S’orienter grâce aux indices du ciel

La navigation naturelle regroupe l’ensemble des méthodes faisant appel aux indices naturels et permettant de s’orienter et/ ou de prédire la composition d’un environnement donné. Poussé à son raffinement le plus extrême, il peut consister en une série de déductions pouvant nous permettre de dire si la lune sera pleine ce soir en ayant simplement observé un oiseau à marée basse et la trace laissée par l’eau sur les rochers. En ce qui nous concerne, nous n’aborderons que les moyens naturels de s’orienter sans faire appel à nos outils modernes.

I – La course du Soleil

Nous allons commencer avec une petite approximation : le soleil se lève à l’est et se couche à l’ouest, dans l’hémisphère nord, il est parfaitement au sud en milieu de journée. Attention, il s’agit du midi de l’heure solaire qui intervient une heure plus tôt que l’heure d’hiver ou deux heures plus tôt que l’heure d’été, avec des variantes possibles selon les pays. En première approximation, il est donc suffisant d’observer le soleil à son lever, à son coucher et en milieu de journée (même si ce n’est parfaitement vrai qu’aux équinoxes, deux jours par an).

II – Les étoiles

Par une nuit suffisamment découverte, il est possible de se délecter du spectacle que nous offrent les astres, mais également de s’orienter en observant quelques indices. L’étoile Polaire est réputée pour être un bon indicateur du nord géographique, elle se situe quasiment dans l’axe de rotation de la Terre, sa position ne changera donc pas durant la nuit alors que la voûte céleste montrera un effet de rotation.
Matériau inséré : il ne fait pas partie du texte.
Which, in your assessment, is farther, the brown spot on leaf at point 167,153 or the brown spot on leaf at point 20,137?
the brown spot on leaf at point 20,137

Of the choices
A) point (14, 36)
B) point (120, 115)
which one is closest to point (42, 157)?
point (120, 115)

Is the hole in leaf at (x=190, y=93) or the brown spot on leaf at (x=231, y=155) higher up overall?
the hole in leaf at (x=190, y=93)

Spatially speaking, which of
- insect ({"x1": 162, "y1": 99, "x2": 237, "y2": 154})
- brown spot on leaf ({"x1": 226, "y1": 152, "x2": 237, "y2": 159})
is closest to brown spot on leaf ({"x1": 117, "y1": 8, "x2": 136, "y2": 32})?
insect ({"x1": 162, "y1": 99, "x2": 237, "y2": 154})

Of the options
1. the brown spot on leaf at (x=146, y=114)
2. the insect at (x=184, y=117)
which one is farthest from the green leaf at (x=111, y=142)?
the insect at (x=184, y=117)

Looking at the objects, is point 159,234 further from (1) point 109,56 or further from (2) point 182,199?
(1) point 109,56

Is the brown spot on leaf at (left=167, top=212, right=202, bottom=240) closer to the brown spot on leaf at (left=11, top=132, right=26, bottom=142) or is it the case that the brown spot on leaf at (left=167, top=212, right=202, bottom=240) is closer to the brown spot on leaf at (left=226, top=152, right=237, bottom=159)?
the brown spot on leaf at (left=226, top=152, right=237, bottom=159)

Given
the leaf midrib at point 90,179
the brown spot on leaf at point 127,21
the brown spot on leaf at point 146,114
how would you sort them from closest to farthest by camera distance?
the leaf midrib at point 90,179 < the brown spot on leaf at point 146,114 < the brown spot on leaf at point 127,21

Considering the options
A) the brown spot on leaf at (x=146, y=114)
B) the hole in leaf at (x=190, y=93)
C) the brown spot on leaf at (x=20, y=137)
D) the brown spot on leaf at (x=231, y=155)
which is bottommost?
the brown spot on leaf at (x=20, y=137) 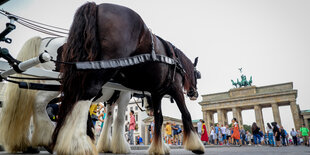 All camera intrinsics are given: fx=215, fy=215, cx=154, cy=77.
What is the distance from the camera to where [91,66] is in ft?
6.84

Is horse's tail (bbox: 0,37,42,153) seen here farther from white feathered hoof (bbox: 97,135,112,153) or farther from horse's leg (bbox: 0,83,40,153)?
white feathered hoof (bbox: 97,135,112,153)

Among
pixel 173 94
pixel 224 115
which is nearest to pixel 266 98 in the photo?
pixel 224 115

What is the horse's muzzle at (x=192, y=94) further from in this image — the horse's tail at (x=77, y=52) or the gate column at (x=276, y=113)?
the gate column at (x=276, y=113)

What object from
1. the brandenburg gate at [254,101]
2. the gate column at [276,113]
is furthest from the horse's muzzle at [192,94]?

Peu de gens savent réellement retrouver Alpha Ursae Minoris, car, non, ce n’est pas le point le plus lumineux du ciel (ce titre est à laisser à Sirius ou aux planètes de passage). Deux pointeurs peuvent être définis : le grand chariot (astérisme faisant partie de la constellation de la Grande Ourse) et Cassiopée. Intéressons-nous à la grande casserole et repérons le côté d’où serait supposée couler la sauce (entre Merak et Dubhe) et reportons cet écartement vers le haut du récipient par 5 fois pour trouver l’étoile Polaire. Cassiopée ressemble à un W dont les deux extrémités sont constituées par Caph et Epsilon cas, l’écartement entre les deux peut être reporté à angle droit par deux fois pour tomber également sur l’étoile Polaire.

Conclusion

Toutes ces méthodes font appel à des astres et nécessitent donc une vision dégagée du ciel. En présence de nuages, elles deviennent temporairement obsolètes, mais le navigateur maîtrisant son art pourra se tourner vers les organismes vivants (plantes et animaux) pour espérer décoder son environnement et s’orienter avec une précision acceptable. Tout l’art de la navigation naturelle repose sur des connaissances écologiques simples, mais s’intègrent dans un schéma général complexe qui traduit, en fait, le fonctionnement de notre planète.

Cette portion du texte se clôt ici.